[[ Available data open ]]

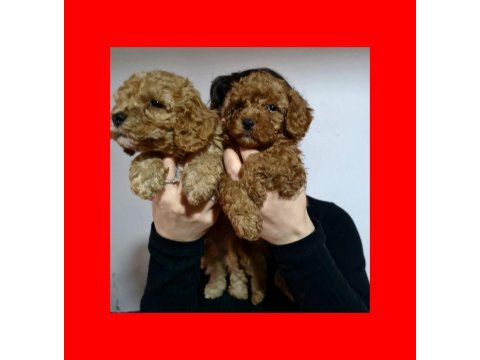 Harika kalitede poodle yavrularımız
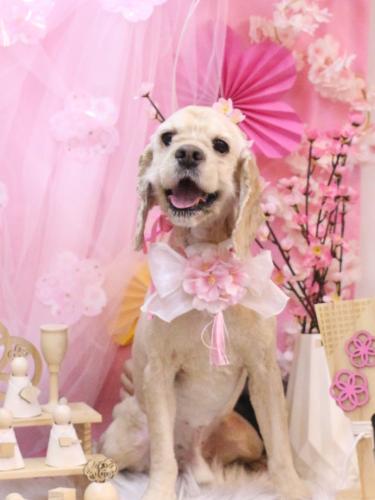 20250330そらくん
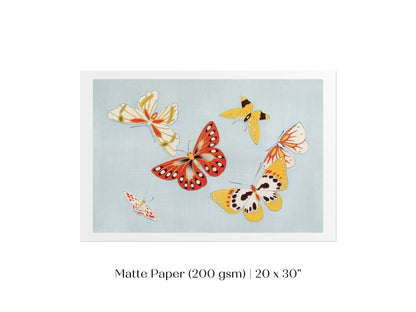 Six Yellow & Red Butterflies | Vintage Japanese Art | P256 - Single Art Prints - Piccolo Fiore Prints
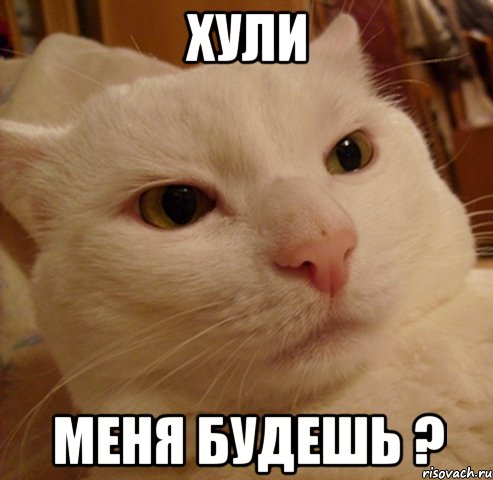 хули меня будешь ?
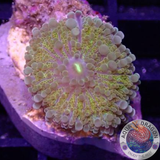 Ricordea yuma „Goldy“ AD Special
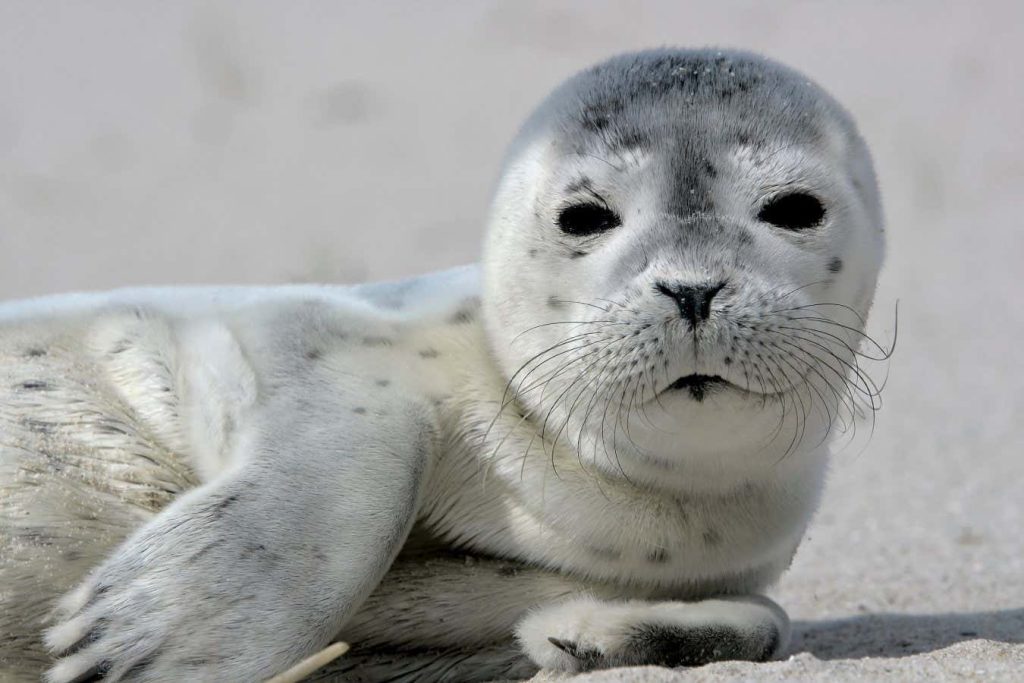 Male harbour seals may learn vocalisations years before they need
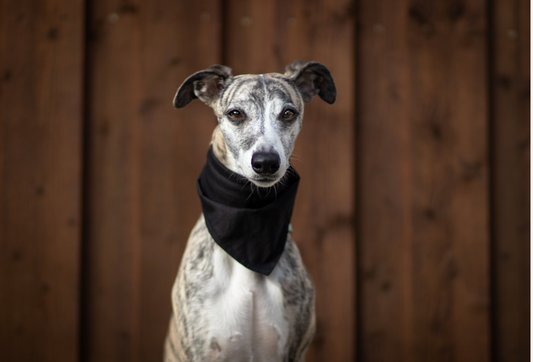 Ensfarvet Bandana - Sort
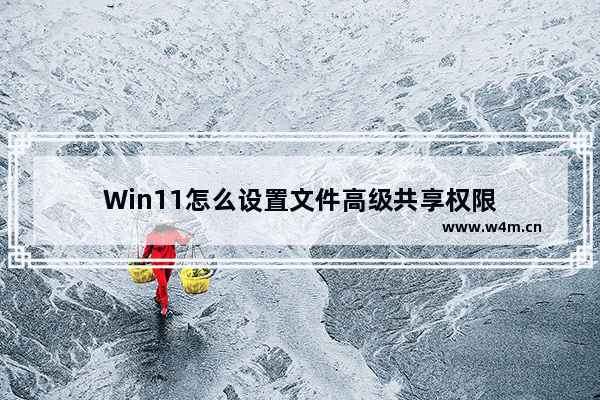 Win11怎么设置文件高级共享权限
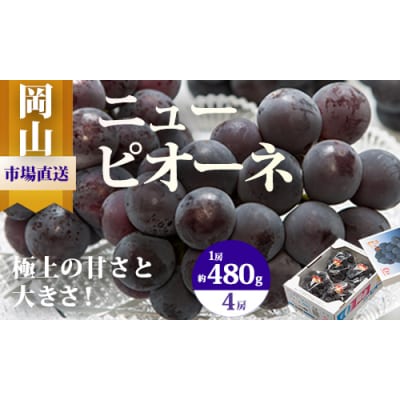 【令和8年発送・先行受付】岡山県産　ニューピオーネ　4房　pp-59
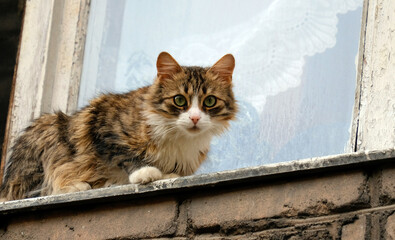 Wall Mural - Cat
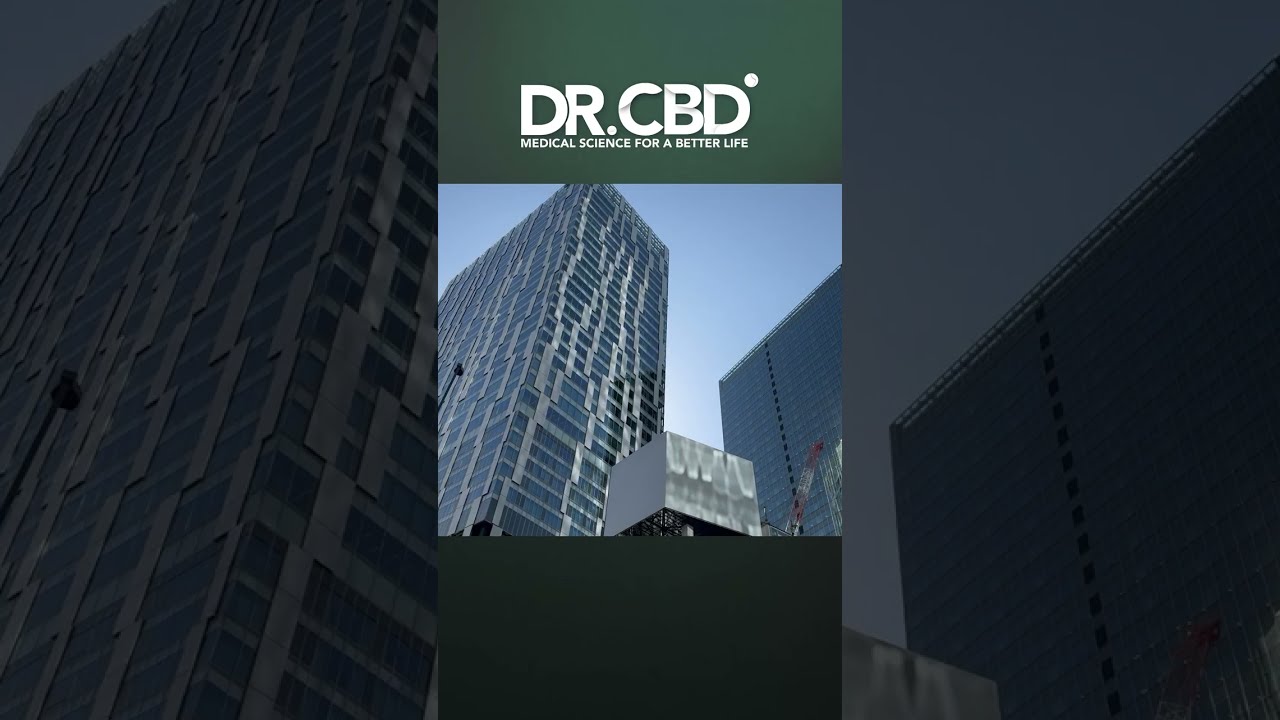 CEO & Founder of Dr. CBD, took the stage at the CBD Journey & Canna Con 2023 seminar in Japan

[[ Available data closed ]]
[[ Available data open ]]

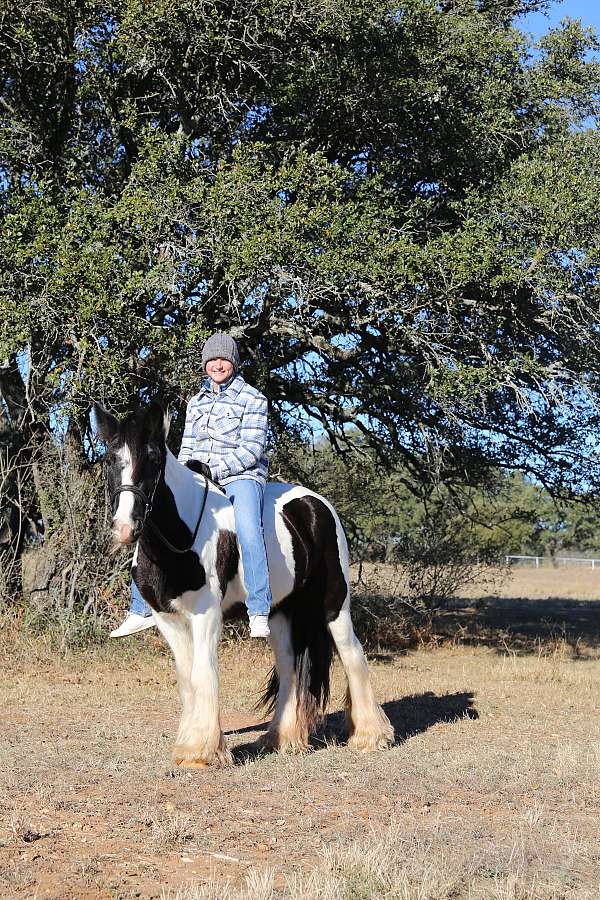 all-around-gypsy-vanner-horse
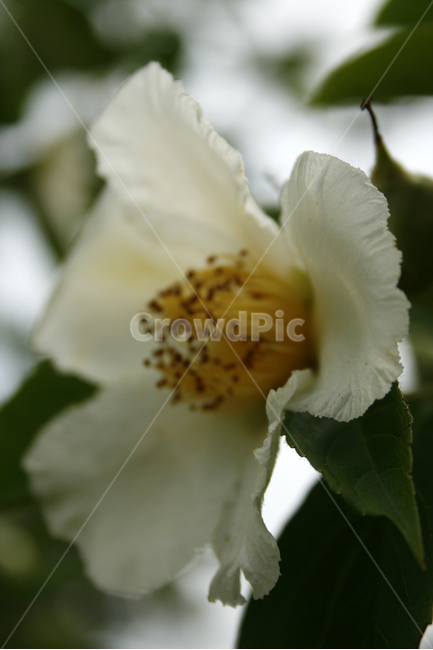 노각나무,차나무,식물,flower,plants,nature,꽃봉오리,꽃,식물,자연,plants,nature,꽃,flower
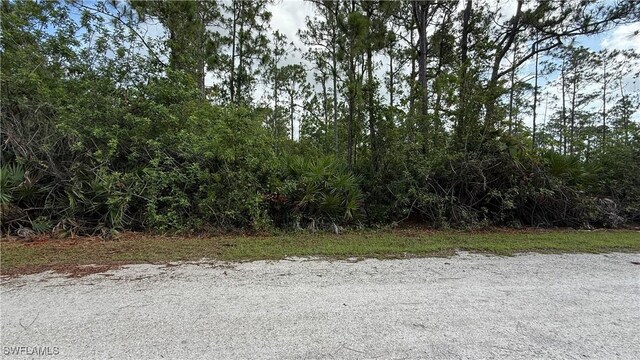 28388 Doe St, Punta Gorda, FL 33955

[[ Available data closed ]]

* [Try it] Using the entries above, transcribe exactly from the line that has "20250330そらくん" through the line that has "CEO & Founder". Pictures are dropped.

* [Solution for this problem]
 20250330そらくん
 Six Yellow & Red Butterflies | Vintage Japanese Art | P256 - Single Art Prints - Piccolo Fiore Prints
 хули меня будешь ?
 Ricordea yuma „Goldy“ AD Special
 Male harbour seals may learn vocalisations years before they need
 Ensfarvet Bandana - Sort
 Win11怎么设置文件高级共享权限
 【令和8年発送・先行受付】岡山県産　ニューピオーネ　4房　pp-59
 Wall Mural - Cat
 CEO & Founder of Dr. CBD, took the stage at the CBD Journey & Canna Con 2023 seminar in Japan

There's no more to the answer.